Permanecer conectado con la tierra requiere fe, tanto como requiere fe permanecer conectado con un cuerpo específico de creyentes. Inesperadamente empezará a surgir todo tipo de obstáculos: tormentas, sequías, incendios, inundaciones. Y, sin embargo, si la obediencia está allí —la constancia, el compromiso—, el orden será restablecido sin dificultad. La obediencia nos mantiene firmes cuando el clima nos debilita. La obediencia nos conduce a través de los tiempos difíciles hacia estaciones fructíferas de regeneración; nos permite ser trasplantados a lugares que jamás hubiéramos imaginado alcanzar, y florecer de modos que jamás pensamos que podríamos. Si no alimentamos la fidelidad, jamás cosecharemos los frutos de la obediencia.
Las semanas posteriores al nacimiento de nuestro hijo fueron como una epifanía. Mientras las flores de acacia inundaban nuestro campo de oro, y los perales, los manzanos y los melocotoneros que una joven novia de guerra había plantado alrededor de nuestra casa décadas atrás florecían, llevé a nuestro bebé a esa tierra que tanto me había esforzado por amar. “Esta es la tierra donde naciste”, le susurré mientras lo sostenía en la tibieza del sol bajo los árboles donde zumbaban las abejas. “Tu lugar de nacimiento y mi tierra del corazón”. Finalmente, comenzaba a entender el consejo de la Madre Teresa acerca de que “la obediencia bien vivida nos libera del egoísmo y del orgullo, y de ese modo nos ayuda a encontrar a Dios y en él a todo el mundo. La obediencia es una gracia especial, y produce una paz perdurable, una alegría interior y una unión cercana con Dios”. Los árboles nuevos que plantamos comenzaron a resistir, la tierra que sanaba comenzó a retener el agua y, cuando nuestro pequeño hijo cumplió dos años, las lluvias volvieron y persistieron en abundancia durante los siguientes dos años. Finalmente, la obediencia dio frutos.

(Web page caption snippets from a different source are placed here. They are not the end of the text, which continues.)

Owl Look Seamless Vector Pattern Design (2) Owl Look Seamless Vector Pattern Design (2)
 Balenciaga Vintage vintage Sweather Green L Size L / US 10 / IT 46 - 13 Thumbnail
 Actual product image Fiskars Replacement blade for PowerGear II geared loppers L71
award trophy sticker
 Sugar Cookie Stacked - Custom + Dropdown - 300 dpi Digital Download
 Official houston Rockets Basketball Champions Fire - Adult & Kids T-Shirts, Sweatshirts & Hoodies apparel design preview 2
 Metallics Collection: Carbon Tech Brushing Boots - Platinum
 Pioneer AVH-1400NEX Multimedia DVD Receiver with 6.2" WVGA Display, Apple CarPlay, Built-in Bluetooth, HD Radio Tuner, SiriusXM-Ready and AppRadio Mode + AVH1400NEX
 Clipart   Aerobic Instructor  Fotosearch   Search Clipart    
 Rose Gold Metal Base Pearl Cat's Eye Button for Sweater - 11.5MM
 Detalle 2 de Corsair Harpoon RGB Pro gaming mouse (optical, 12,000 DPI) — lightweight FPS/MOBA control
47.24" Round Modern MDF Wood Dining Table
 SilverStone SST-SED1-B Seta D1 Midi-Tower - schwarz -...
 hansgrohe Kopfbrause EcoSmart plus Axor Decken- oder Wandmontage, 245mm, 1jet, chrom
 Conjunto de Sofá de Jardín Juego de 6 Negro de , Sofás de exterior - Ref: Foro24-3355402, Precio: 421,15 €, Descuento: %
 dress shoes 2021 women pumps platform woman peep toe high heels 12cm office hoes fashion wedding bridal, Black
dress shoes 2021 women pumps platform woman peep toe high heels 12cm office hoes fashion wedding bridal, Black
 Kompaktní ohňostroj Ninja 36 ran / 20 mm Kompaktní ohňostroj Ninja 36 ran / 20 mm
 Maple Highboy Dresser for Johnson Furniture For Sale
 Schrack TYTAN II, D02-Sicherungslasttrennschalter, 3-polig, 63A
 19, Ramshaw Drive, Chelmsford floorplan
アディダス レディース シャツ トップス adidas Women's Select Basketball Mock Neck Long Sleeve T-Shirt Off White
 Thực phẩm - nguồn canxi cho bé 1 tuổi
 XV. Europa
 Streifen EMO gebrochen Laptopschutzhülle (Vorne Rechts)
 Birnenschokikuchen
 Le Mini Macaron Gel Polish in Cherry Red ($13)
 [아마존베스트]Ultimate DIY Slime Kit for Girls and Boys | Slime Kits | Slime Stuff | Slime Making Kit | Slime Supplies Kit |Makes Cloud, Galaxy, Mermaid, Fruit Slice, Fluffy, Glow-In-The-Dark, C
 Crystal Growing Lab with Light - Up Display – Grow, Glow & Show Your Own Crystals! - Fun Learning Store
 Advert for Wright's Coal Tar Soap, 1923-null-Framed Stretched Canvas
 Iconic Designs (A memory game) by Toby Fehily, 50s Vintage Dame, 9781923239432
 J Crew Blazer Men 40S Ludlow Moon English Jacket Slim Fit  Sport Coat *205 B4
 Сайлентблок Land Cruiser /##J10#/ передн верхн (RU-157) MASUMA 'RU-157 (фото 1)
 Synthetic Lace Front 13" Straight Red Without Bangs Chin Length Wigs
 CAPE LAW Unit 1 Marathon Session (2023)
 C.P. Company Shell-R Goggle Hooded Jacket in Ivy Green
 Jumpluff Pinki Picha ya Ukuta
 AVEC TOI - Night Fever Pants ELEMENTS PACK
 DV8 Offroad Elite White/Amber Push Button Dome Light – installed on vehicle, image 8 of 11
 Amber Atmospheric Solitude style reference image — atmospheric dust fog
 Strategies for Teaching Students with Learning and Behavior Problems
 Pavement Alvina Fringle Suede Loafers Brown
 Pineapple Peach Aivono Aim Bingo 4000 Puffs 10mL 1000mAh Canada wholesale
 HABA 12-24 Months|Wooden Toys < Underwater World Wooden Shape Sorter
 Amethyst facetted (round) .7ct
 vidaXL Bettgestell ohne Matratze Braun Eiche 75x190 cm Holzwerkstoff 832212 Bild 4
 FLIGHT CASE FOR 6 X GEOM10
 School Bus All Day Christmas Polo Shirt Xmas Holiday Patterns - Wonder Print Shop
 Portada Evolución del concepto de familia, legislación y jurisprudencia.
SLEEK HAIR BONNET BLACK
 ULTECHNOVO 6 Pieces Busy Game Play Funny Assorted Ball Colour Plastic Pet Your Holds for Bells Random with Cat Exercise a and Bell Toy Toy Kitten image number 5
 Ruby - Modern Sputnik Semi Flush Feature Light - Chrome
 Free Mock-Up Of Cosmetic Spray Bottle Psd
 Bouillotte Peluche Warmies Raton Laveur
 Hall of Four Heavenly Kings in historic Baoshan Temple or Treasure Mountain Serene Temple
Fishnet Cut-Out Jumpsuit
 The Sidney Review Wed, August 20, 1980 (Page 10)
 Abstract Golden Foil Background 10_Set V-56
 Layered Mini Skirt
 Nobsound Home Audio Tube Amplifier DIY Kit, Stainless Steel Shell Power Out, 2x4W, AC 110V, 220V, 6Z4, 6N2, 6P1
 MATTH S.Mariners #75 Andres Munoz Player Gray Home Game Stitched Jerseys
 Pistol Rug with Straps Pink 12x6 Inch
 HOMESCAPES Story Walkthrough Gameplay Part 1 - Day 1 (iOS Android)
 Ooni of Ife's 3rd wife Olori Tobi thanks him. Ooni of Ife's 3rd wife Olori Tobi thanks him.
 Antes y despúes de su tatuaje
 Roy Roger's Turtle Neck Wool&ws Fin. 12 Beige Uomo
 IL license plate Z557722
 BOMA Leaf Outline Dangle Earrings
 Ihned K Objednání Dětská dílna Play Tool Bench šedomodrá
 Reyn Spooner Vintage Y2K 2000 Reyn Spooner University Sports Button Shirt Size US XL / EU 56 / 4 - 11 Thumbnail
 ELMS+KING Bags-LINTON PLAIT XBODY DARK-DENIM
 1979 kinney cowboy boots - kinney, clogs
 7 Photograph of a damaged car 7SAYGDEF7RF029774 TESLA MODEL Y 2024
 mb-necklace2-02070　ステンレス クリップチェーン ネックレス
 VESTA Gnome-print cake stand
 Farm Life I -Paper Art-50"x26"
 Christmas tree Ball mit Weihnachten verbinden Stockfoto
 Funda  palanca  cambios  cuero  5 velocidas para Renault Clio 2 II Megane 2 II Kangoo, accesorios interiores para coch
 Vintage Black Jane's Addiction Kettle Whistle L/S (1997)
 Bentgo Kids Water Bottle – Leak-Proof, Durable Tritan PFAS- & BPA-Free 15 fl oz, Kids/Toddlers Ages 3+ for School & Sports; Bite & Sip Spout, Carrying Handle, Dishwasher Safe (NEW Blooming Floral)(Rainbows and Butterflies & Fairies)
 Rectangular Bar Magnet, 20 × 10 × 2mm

No puedo decir que comprendo la obediencia totalmente, incluso mientras continúo viviendo en busca de una vida que conforme una entrega total. Comenzar a aprender la obediencia significó aprovechar un poder transformador, una entrega viviente que empezó a sostenerme, incluso mientras nuestra tierra comenzaba a corresponder nuestra dedicación para sanar su agotamiento. La obediencia significó aceptar la quietud, crear la calma y el desprendimiento en los cuales “escuchar desde abajo” fuera posible. He aprendido que la obediencia es la brida que guía, la quilla que estabiliza, el ala que eleva, el mapa seguro que muestra el camino confiable.